On a summerlike day that could make East Coasters envious, some Southern California families spent Thanksgiving at the beach. They feasted on the usual offerings -- and sunbathed and surfed too.

November 27, 2009|By Esmeralda Bermudez
  • Chip Margelli, 58, and his wife Janet pull their bird out of the fryer at Bolsa Chica State Beach. For several years, they and a group of co-workers have come together to give each other company on the holiday.
Chip Margelli, 58, and his wife Janet pull their bird out of the fryer at Bolsa… (Wally Skalij / Los Angeles…)

This Thanksgiving, Donna Nurre was thankful she finally got her way.

It took some convincing, but on Thursday her relatives finally gave in and followed her and the turkey from the dining room to the shore to celebrate the holiday à la SoCal on the beach.

"This is what I wanted," said the third-grade teacher, fastening a tablecloth with clothespins so the breeze wouldn't blow it away. "An adventure."

Across Bolsa Chica State Beach, dozens of families broke tradition to give thanks beneath sunny skies that would make any East Coaster envious.

They ditched ovens and pans for crockpots, deep fryers and electric roasters. They feasted on the usual offerings -- stuffing, mashed potatoes, green beans and rolls -- as they sunbathed, surfed and, once night fell, roasted s'mores.

Temperatures rose to a comfy 80 degrees by midafternoon, making even those who have made Thanksgiving by the beach an annual ritual take notice of the unusual warmth.

While much of the beach was serenely vacant except for joggers and cyclists, motor-home campers transformed one parking lot into a row of dining rooms, some with wine glasses, linen napkins and fancy china. Others set up on the sand, eating from plastic plates with no need for a table.

As Nurre and her crew of nine relatives worked out the logistics for their meal, Sean Beardsley kept his gang on track for the sixth year in a row. This was no small task, as the table was set for 40 relatives and friends, by far the largest group on the beach.

A detailed four-page agenda titled "The Meyers-Beardsley-Brock Thanksgiving Weekend Extravaganza" assigned everyone a task -- including bringing "a nice bottle of tequila."

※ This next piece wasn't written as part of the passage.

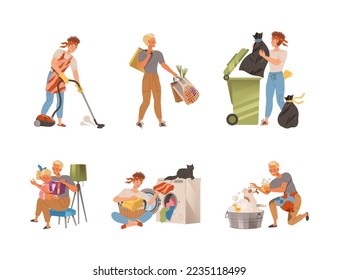 Househusband doing daily routine set. Young man vacuuming floor, throwing garbage, doing laundry, reading book to daughter vector illustration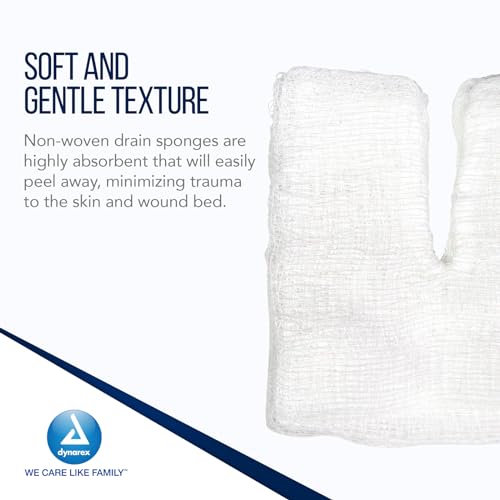 Dynarex 35051 Tracheostomy Gauze Sponge, 4" Length, 4" Width, 12 Ply, Pack of 300 miniatura 3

Preparations began at 4:30 a.m. as the men set out to bake three turkeys and a brisket, burying them in a bed of charcoal for several hours inside a fire pit. The Orange County beach is one of the few left along Southern California's coast that still has the pits.

As the 3 p.m. dinnertime approached, Beardsley and others dug the birds out of the sand with picks and rakes.

"Smells like turkey!" Gina Beardsley hollered across the beach as the men hauled out the chicken-wire-wrapped entree.

Not far away, Ingemar Hansson and his family kept things simple. As the turkey cooked, Hansson sat in a lawn chair in the parking lot sunbathing and chugging a beer. His children headed toward the sand to fly a kite.

This was the first year the Lakewood family had traded their home for the outdoors, but it might become an annual tradition, Hansson said.

"We got everything we need right here," he said. "What else could you ask for?"

Bob Roth's family agreed as they gathered to cheer on the Green Bay Packers, the NFL game playing on a television connected to his 34-foot motor home.

Four generations of relatives -- from Whittier, La Mirada, Norwalk and as far away as Minnesota -- joined the retired meat-processing plant owner.

After his wife died five years ago, Roth bought the motor home to honor her and travel the country. Since then, it inspired the 78-year-old and others to gather by the waves.

"This makes us feel closer," said Roth's granddaughter Renee Carlson, 29. "We're all in the same area, not in a separate dining room or living room."

Not having many relatives nearby, Chip Margelli, 58, and his wife joined a group of co-workers under a tent on the sand.

For several years, the group has come together to give each other company on the holiday. They make turkey and corn bread, pumpkin pie and hot cider. As they nibbled on their last bits of dinner, they looked out at the water and made bets on whether the sun would set over the ocean or over Santa Catalina Island.

"I got a buck on Catalina," said Gordon West of Costa Mesa.